Off Ice Lessons

See how real speed skaters train: $100 per hour minimum. $30 per hour per person minimum for groups. Extra will be charged for travel time greater than 30 minutes each way. Off Ice lessons (dryland) are exercises done off the ice to imitate the demands of speed skating.  Because the Bay Area has only two speed sessions per week, dryland is an extremely important part of training.

Dryland can be done at the rink, at a park or track, or at a home.

Friday-Sunday are not available. Please note the participant must have a strong interest in learning the technical aspects of speedskating. This type of training is not generally appropriate for athletes under 9 years old. The workout must be tailored to the skill, development, and strength of the participant. USOC training guidelines are followed.

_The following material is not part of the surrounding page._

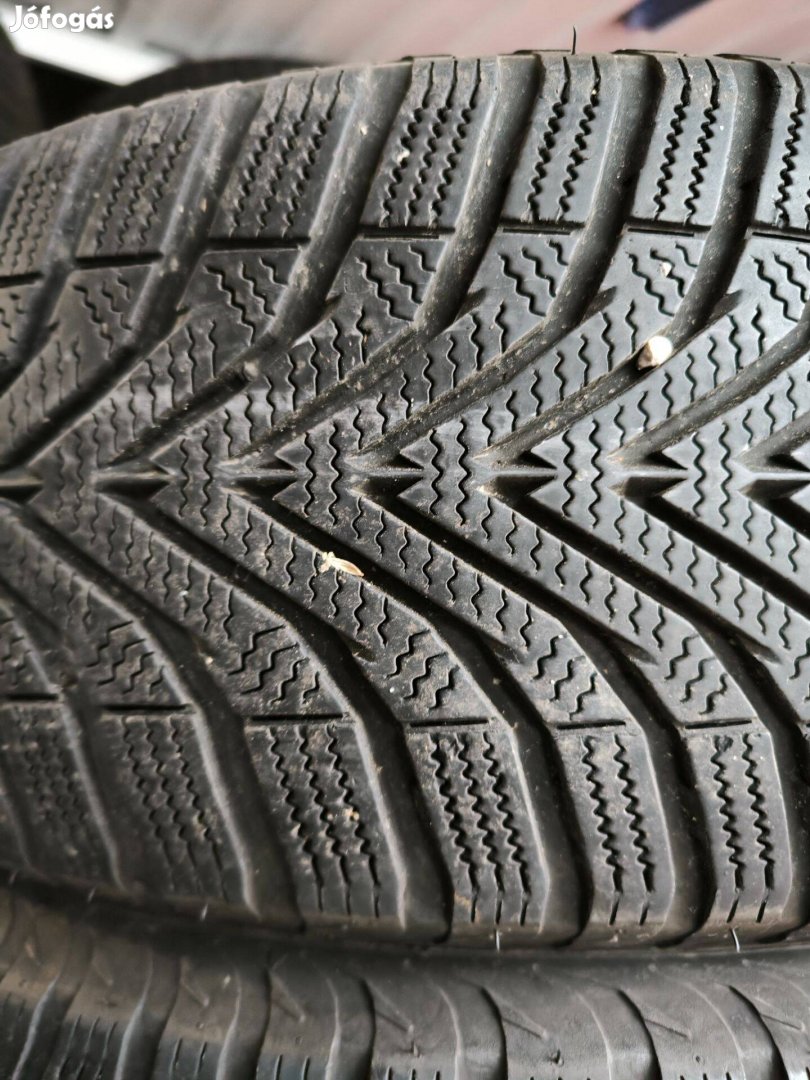 205/55R16 Vredestein téligumik eladók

Mary provides age- and skill-appropriate workouts to improve strength, range of motion, balance and endurance. Mary will provide slideboards, various types of straps, resistance cables, and stretch bands. Exercise sessions will take into consideration the condition and skill-set of the athlete, and the training phases of the skating season, whether aerobic or anaerobic, or if conditioning is needed for strength and endurance.

Please wear clothes that allow easy movement, and athletic shoes. Athletes should have a light snack at least 45 minutes before the workout, warm-up and stretch prior to meeting, and remember to bring water.

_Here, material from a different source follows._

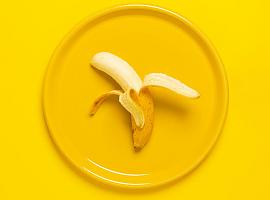 A que no sabes cuántos plátanos por minuto se consumen en Asturias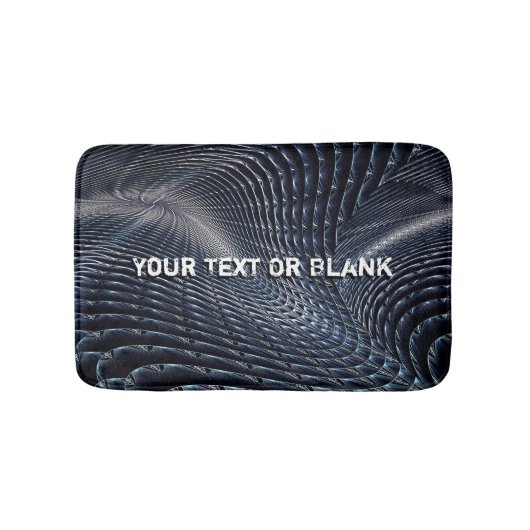 Tapis De Bain Camouflage anti-surveillance #1 (Devant)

Dryland exercises are designed to improve an athlete’s ability to perform skating movements. The technical terms are Proprioception and Kinesthesia. Proprioception is knowing where your body is in space. Kinesthesia is how your body performs a series of movements. By practicing skating movements, an athlete can improve their balance, build endurance and strength, and learn how to apply power while skating.

Sample:  set up the slide board

feet together, basic position

Basic position: Nose, Knee, Toes!

Initiate movement from the hip first.

Fall to the side, then bring the leg through.